It can be used for headline news, entertainment news, or editorials. It’s like an online journal but not a journal or diary because they are pretty gay. Blogs are public forums for people to run their mouth. What I like about it is the multimedia aspects of the Internet. If you believe getting on the Internet is a great way to get on the net, then you deserve a “limp dick slap.” Please stop reading now; this site is not for you.

Now that the idiots are gone, have you ever heard of podcasting? No? That’s ok. I know niggas are new to com-pu-ters and they are easily confused by them.

Podcasting is a term used to describe a collection of technologies for automatically distributing audio and video programs over the internet using a publisher/subscriber model. It differs from earlier online collections of audio or video material because it automatically transfers materials to the user's computer for later consumption; it is one example of push technology. Podcasting enables independent producers to create self-published, syndicated "radio shows," and gives broadcast radio or television programs a new distribution method (Wikipedia, ).

What about the iPod? Do you know what that is? Yea- it’s the white walkman 50 cent had in his video. Anyway, iPods are mp3 players and they use iTunes software instead of windows media player. You can use iTunes to automatically subscribe to my page. Most bloging, podcasting, vlog sites are boring (except “The Family Guy”), but you definitely can see the potential for it to catch on. Personally, I like being able to combine text, audio, and video to give the full Will Wash experience.

First let give credit to Dan for the name of the site, “They Hate Me Because I Ask The Hard Questions.” The hard questions are the hows and the whys.

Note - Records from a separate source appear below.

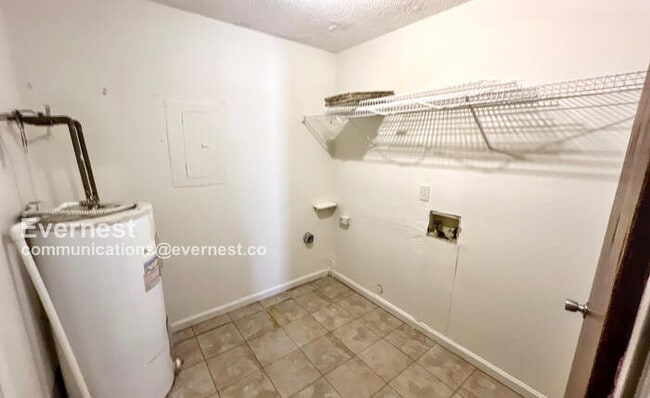 Building Photo - 5243 Donlyn Dr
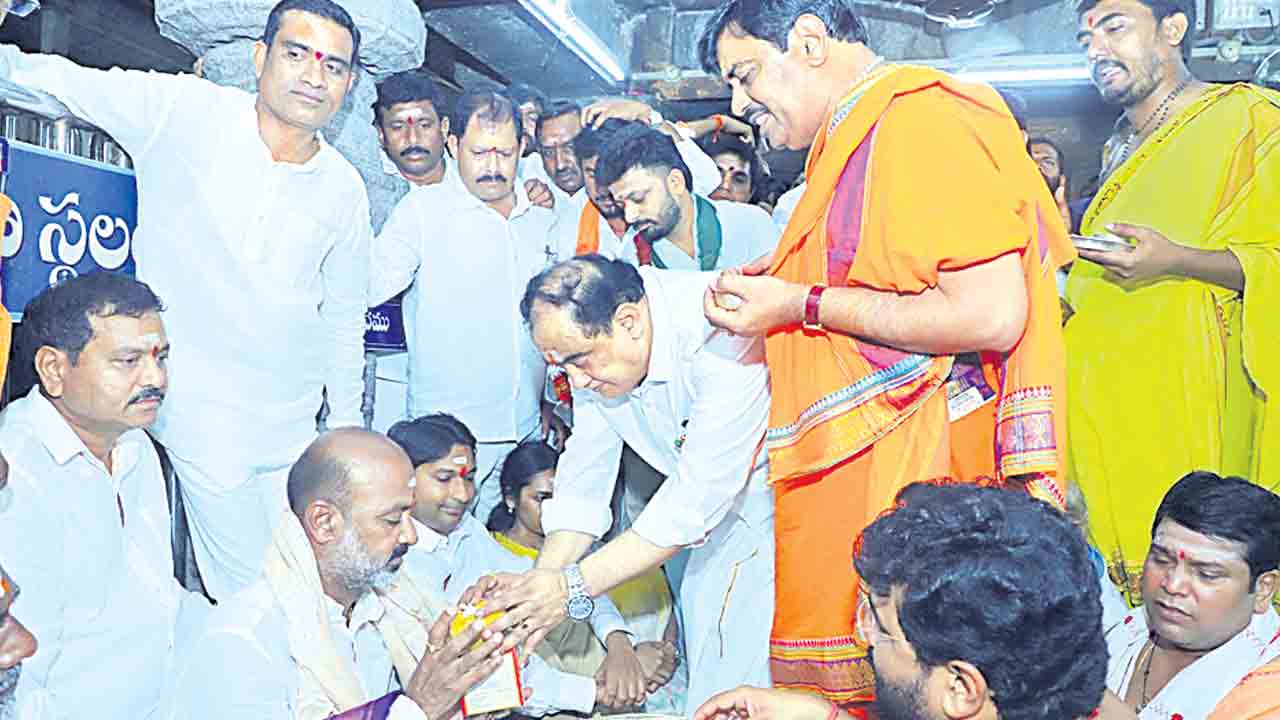 రాజన్న ఆలయాన్ని అభివృద్ధి చేస్తాం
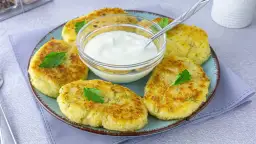 Placuszki z ugotowanego kalafiora, złociste i chrupiące, podane z jogurtem. Świetny pomysł, co zrobić z ugotowanym kalafiorem.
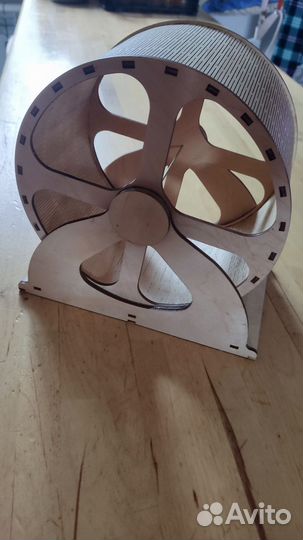 Колесо деревянное для хомяка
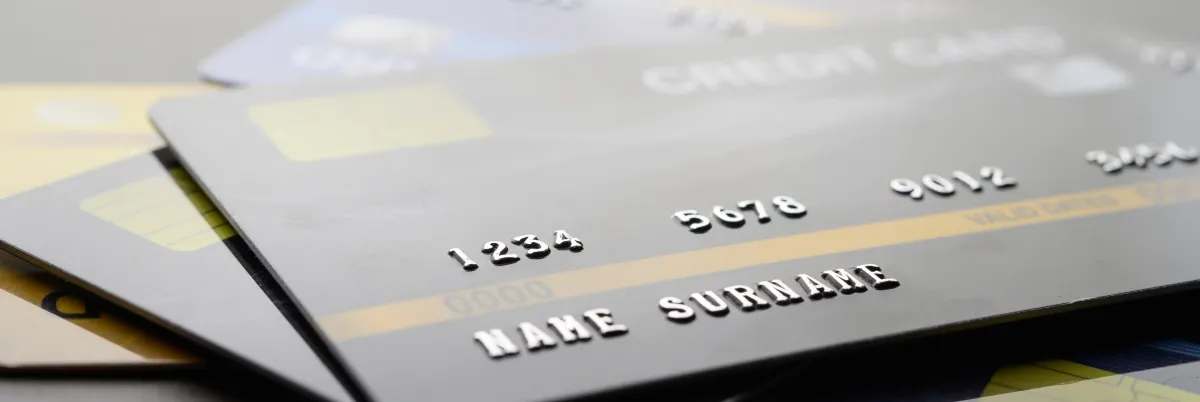 perbedaan kartu debit dan kredit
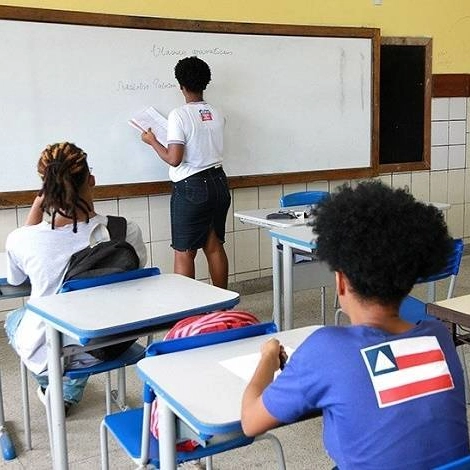 Governo nomeia mais de 1.300 professores e coordenadores aprovados em concurso na Bahia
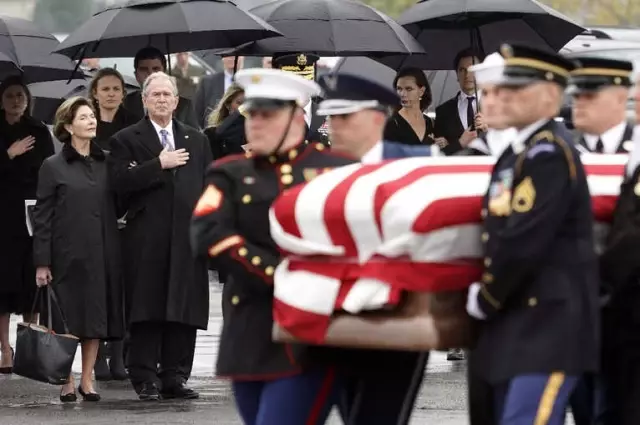 Baba Bush'ın Naaşı Teksas'ta
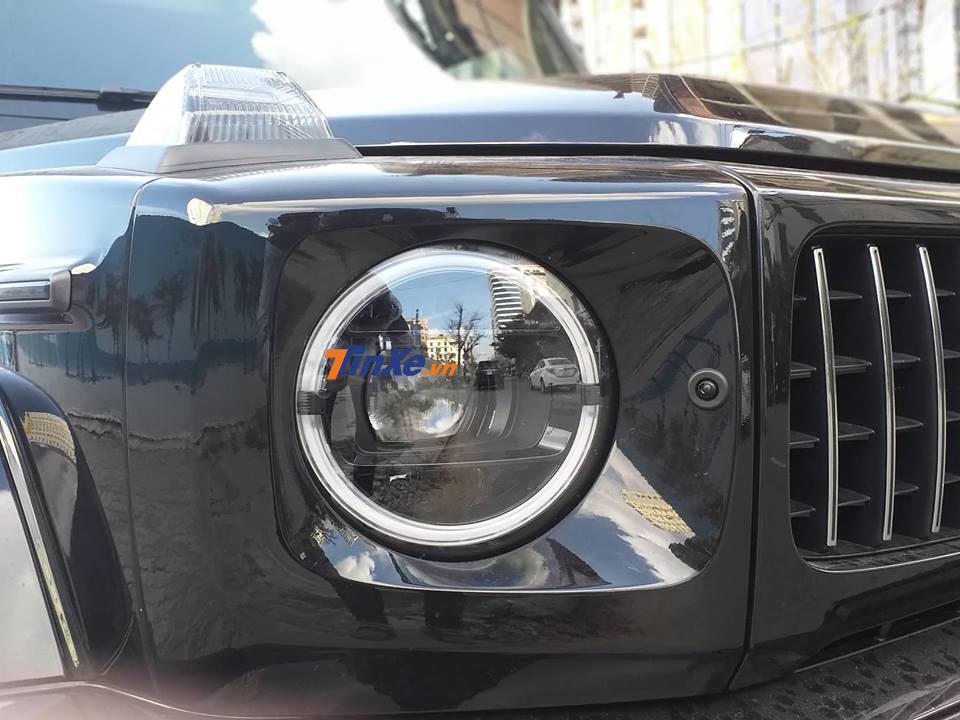 Mercedes-AMG G63 Edition 1 2019 có một sự thay đổi bất ngờ chính là việc thiết kế lại đôi mắt của xe Mercedes-AMG G63 Edition 1 2019 có một sự thay đổi bất ngờ chính là việc thiết kế lại đôi mắt của xe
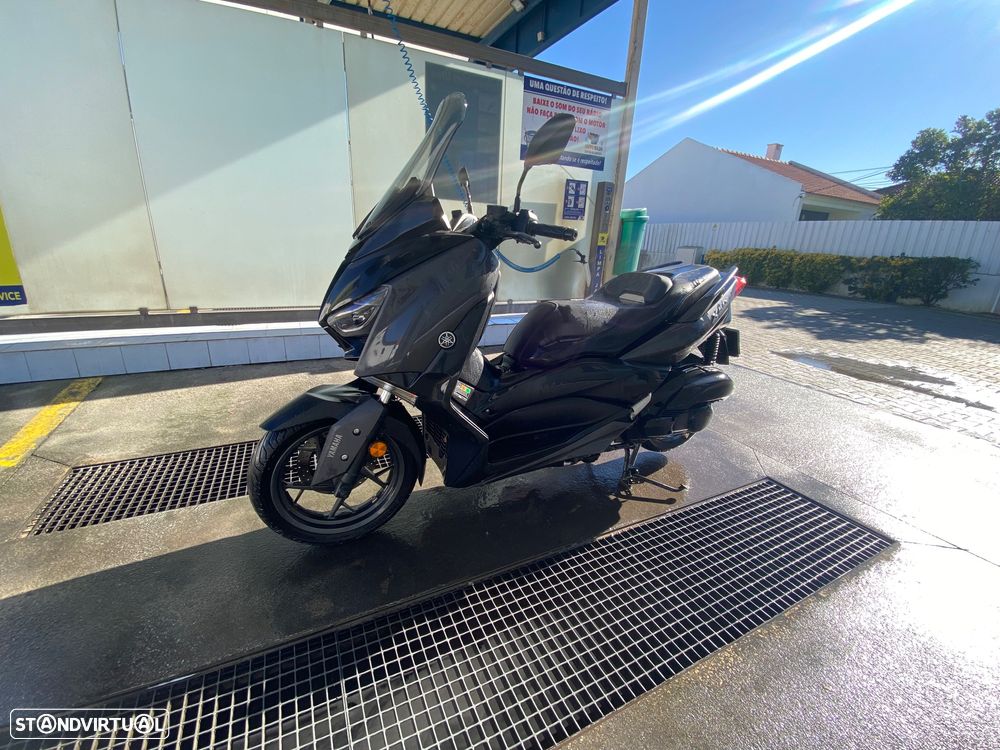 Yamaha X-Max - 1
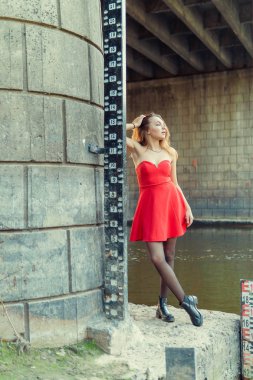 Bir kadın bir sonbahar Park bir kamera önünde poz. Sonbahar fotoğraf çekimi. Sonbahar Park.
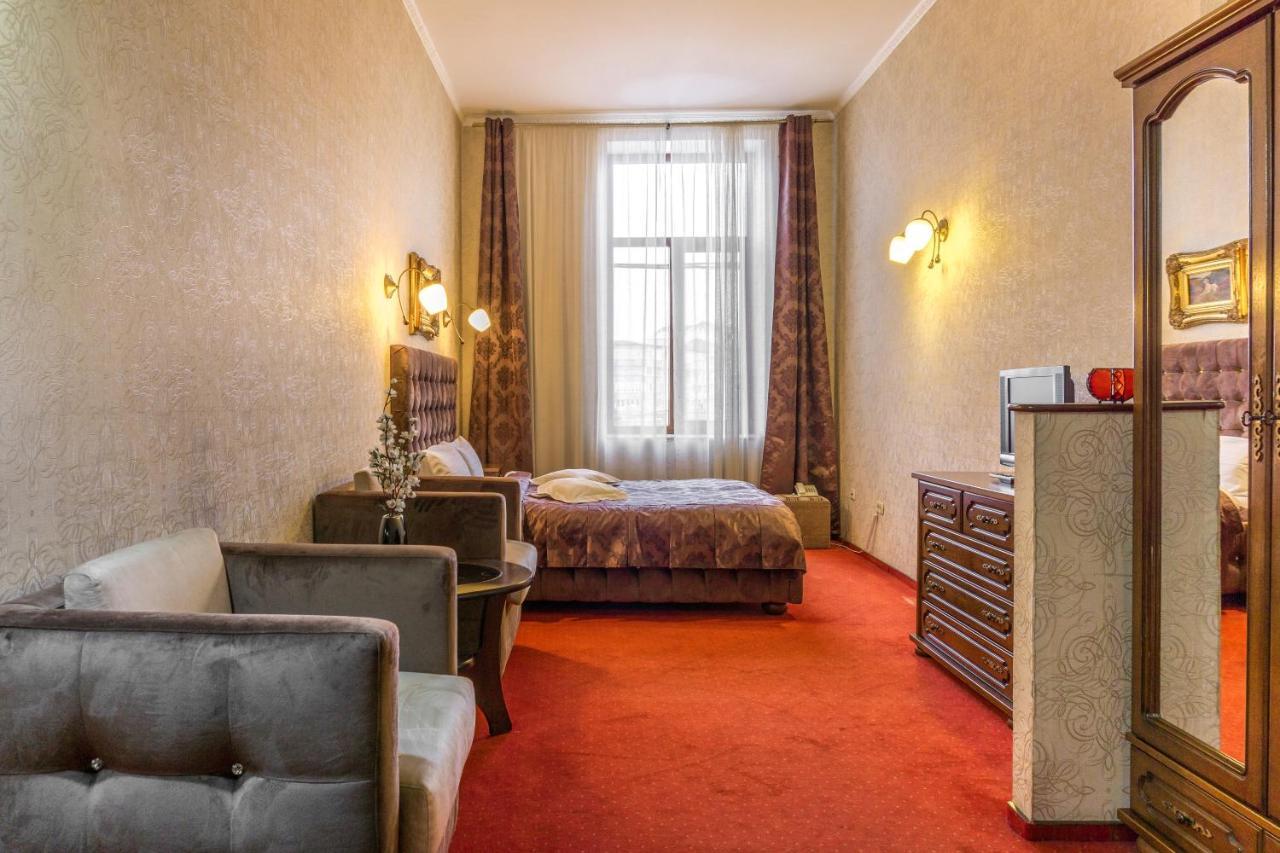 Hotel Ferdinand Hateg Ngoại thất bức ảnh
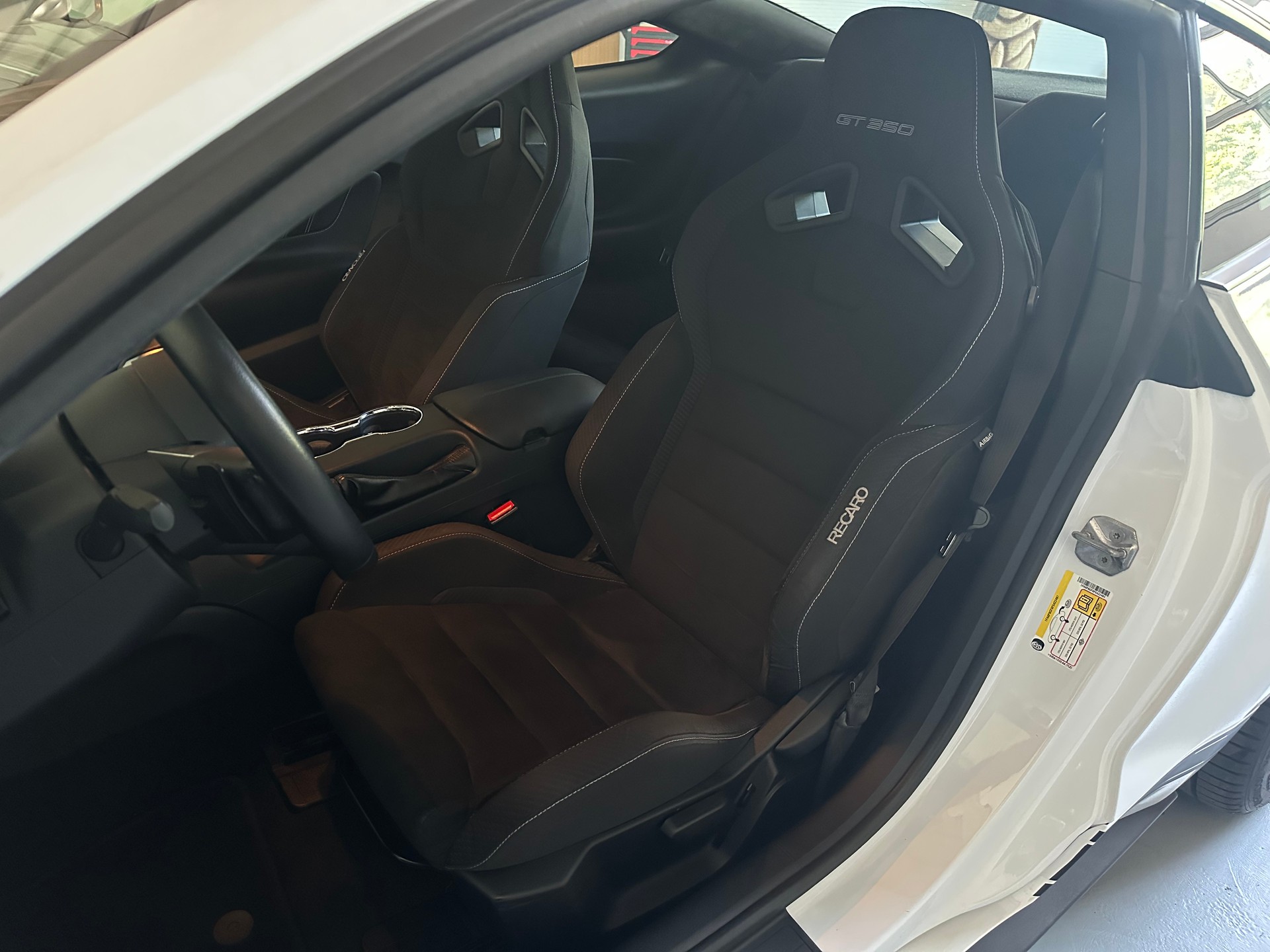 FORD Mustang Fastback 5.0 V8 GT Automat-image-3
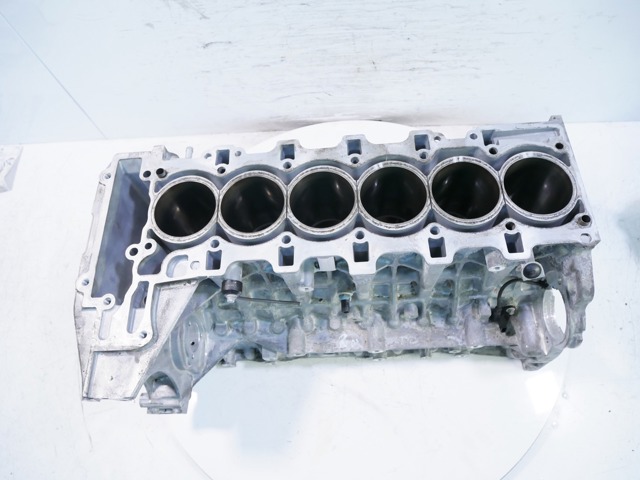  7585986 BMW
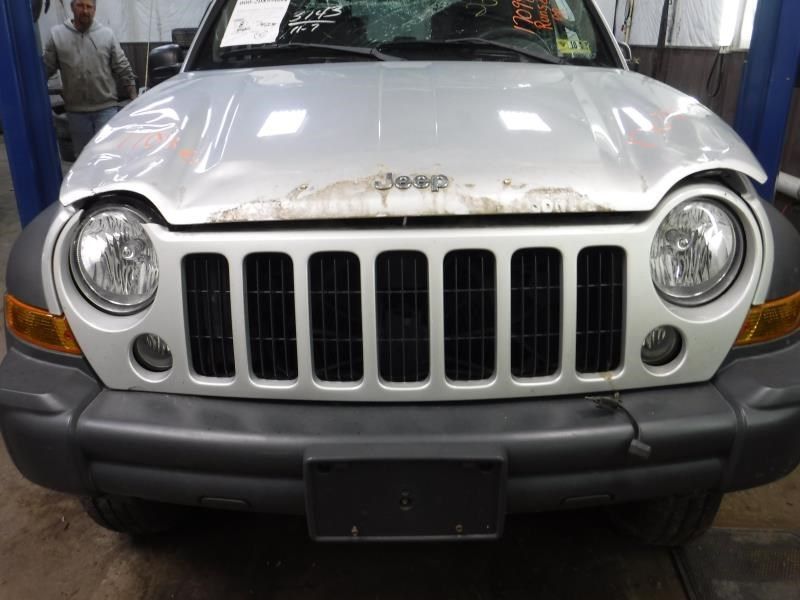 Used 2006 Jeep Liberty Engine Accessories Fan Clutch 2 8l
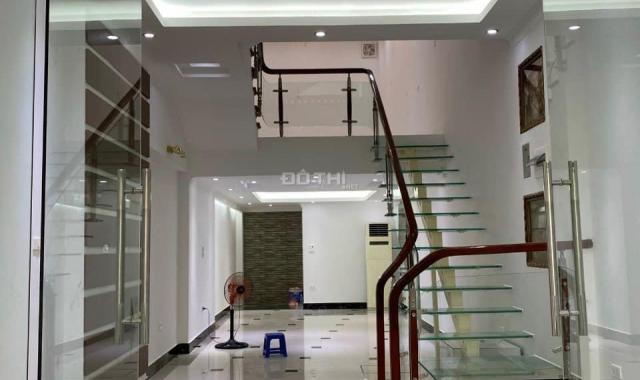 Cần bán căn nhà mặt phố Nhân Hoà - Thanh Xuân, có sổ đỏ với diện tích 63m2. Lh 0988569695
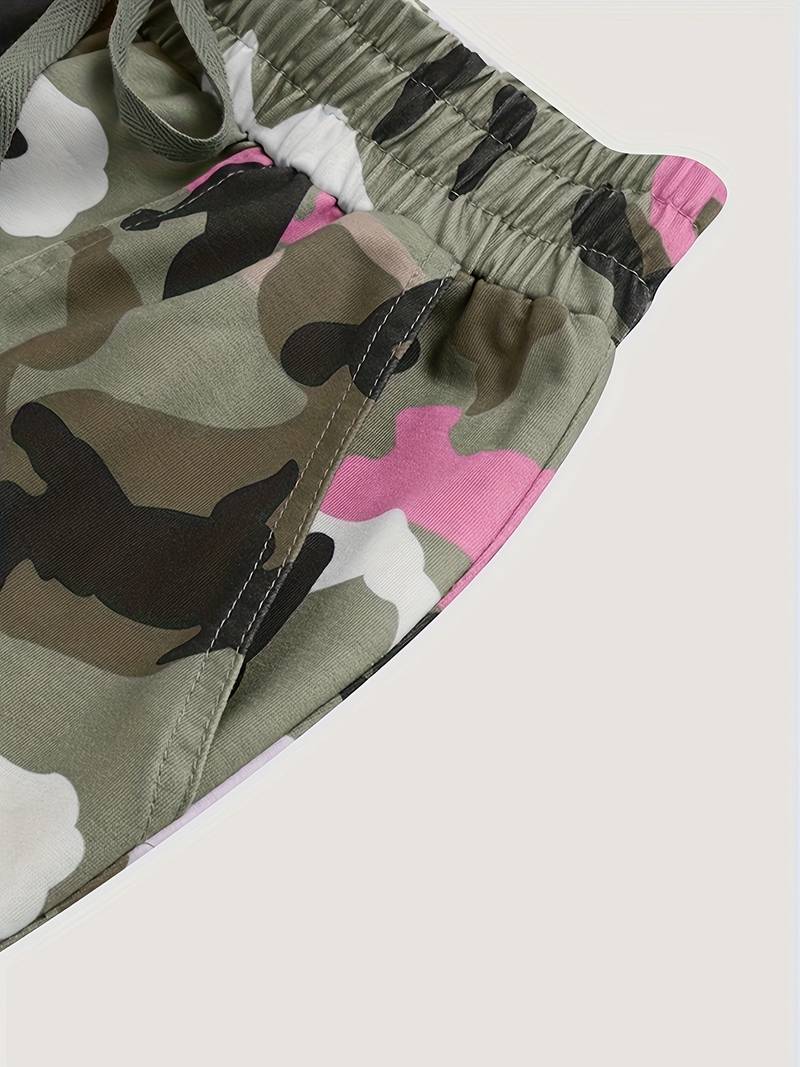 Zara - Cargohose mit Camouflage-Muster und Kordelzug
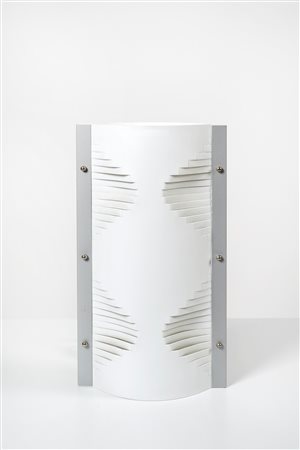 Samuel Parker - Slamp  , (Pomezia, 1994 - ) 
Lampada da tavolo   XX secolo
 Cm 39x21x10 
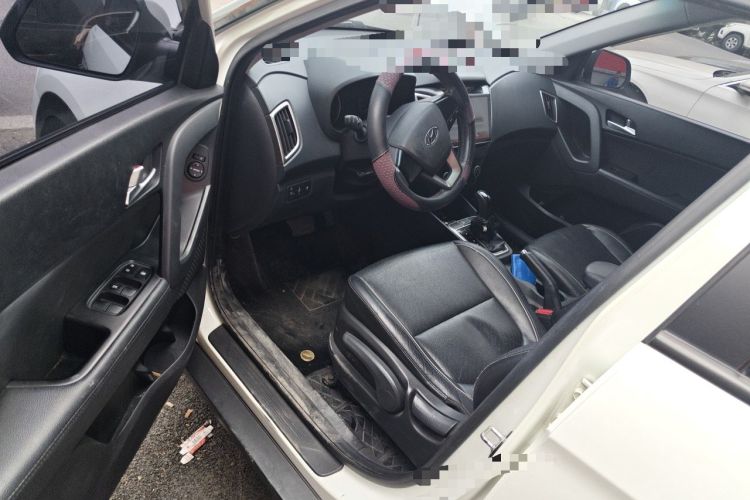 Used Hyundai ix25 2015 1.6L Automatic Two-Wheel Drive Smart GLS Trim Driver Seat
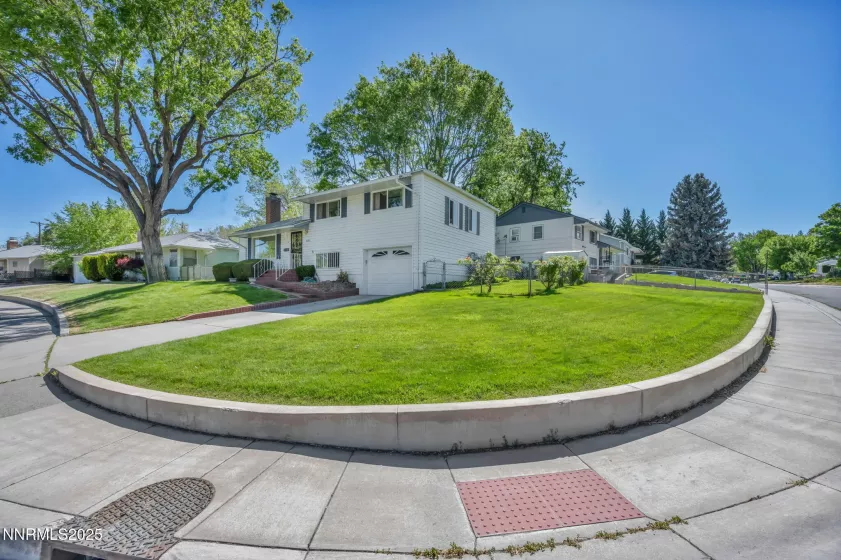 895 Stoker, Reno, Nevada 89503, 3 Bedrooms Bedrooms, ,1 BathroomBathrooms,Residential,Residential,Stoker,250050422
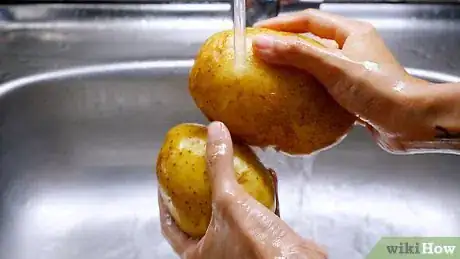 Immagine titolata Make a Baked Potato Skin Crispy Step 1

The perfect example was earlier today when I was watching Maury. I know, I know… But it’s like watching a car accident; you just can’t look away. Anyway it’s was a ho-ish girl episode. This chick gets on TV talking about how she loves her boyfriend and they plan to get married soon but she had to tell a secret first. I know… I’m thinking the same thing, her ugly ass was lucky enough to get a nigga to promise marry her ass, she need to keep her mouth shut and run with it. But nah, she cheated and wanted him to know that the baby may not be his before they got married. Come on… Now she needed a “limp dick slap” too. Maury should have given it to her. But here is the hard questions; one, why are you telling him now on public TV? Two, if you love him so much why did you cheat on him? And why don’t you know who the real father is? Now you know, I got “the gift and the curse” of a wild imagination. I’m watching TV thinking, this bitch’s excuse has got to be good. Something like this, “Ray Ray never likes to try new things. I couldn’t help myself. I was over Craig’s and dem house, drinking and shit. Next thing I know, I got four guys standings around me their dicks outs. Each way different and they all look so good; so I had to try ‘em out. I counldn't help myself. The dicks were calling me. Ray Ray never invites his boys over to run trains on me. I just wanted to try something new, Maury.” And Maury loves up that ho-ish behavior. He’ll ask Ray Ray some shit, “How do you feel after 8 years of loving and paying child support on a little nigga that even yours?” The best part is how he asks the audience who the baby looks like, like there is an audience full of experts in baby looks. If I was Ray Ray, I’d be like, “Bitch. you lucky you ain’t take me on Jerry Springer. I’m fitting to whoop you and Maury’s ass up in here. Embarrassing me in front of my family and friends.” Maury really does deserve a punch in the face. Yes, in the face. A punch, right there, square in-the-face.

I think, I’m a pretty good tipper. I like to give 20% to 30%. I mean, come on, people are doing something I’m to lazy to do or don't want to do. I hate people that be like, “That their job.” Granted it, maybe it is their job but it also should be their job to treat you like shit for being you. I wish I had the opportunity, because that is what it is-an opportunity, to spit in somebody’s food or key his or her car for chumping me on a tip. I bet that shit feels real good. Let me ask yall this, should hookers be tipped for a job well done. I mean they are in service industry.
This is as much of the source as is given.